> EXERCISE PROMPT:
Reproduce the listing exactly. Omit pictures.

> DATASET SECTION:
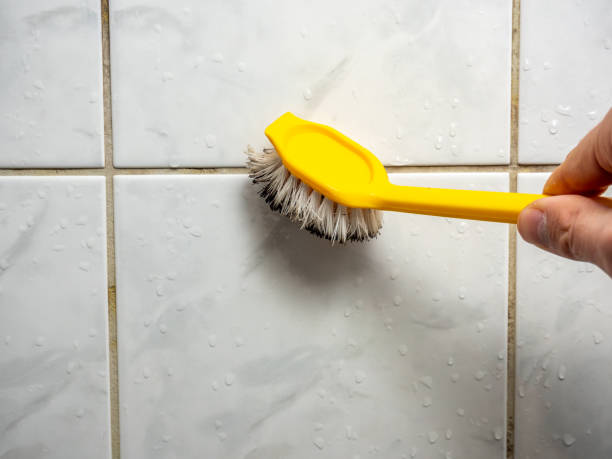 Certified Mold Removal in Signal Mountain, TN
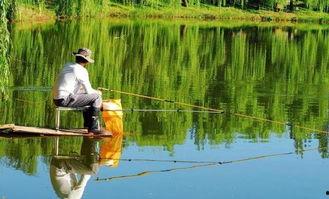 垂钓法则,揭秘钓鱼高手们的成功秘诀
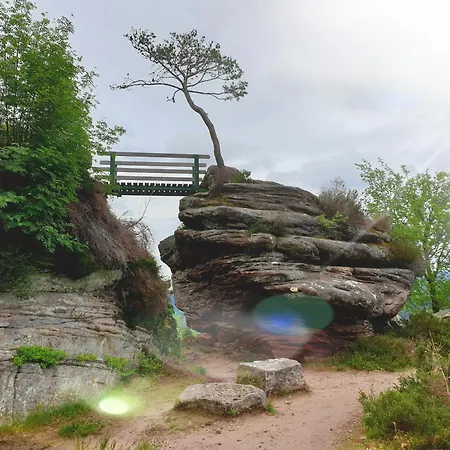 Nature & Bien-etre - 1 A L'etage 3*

> TASK OUTPUT:
 Certified Mold Removal in Signal Mountain, TN
 垂钓法则,揭秘钓鱼高手们的成功秘诀
 Nature & Bien-etre - 1 A L'etage 3*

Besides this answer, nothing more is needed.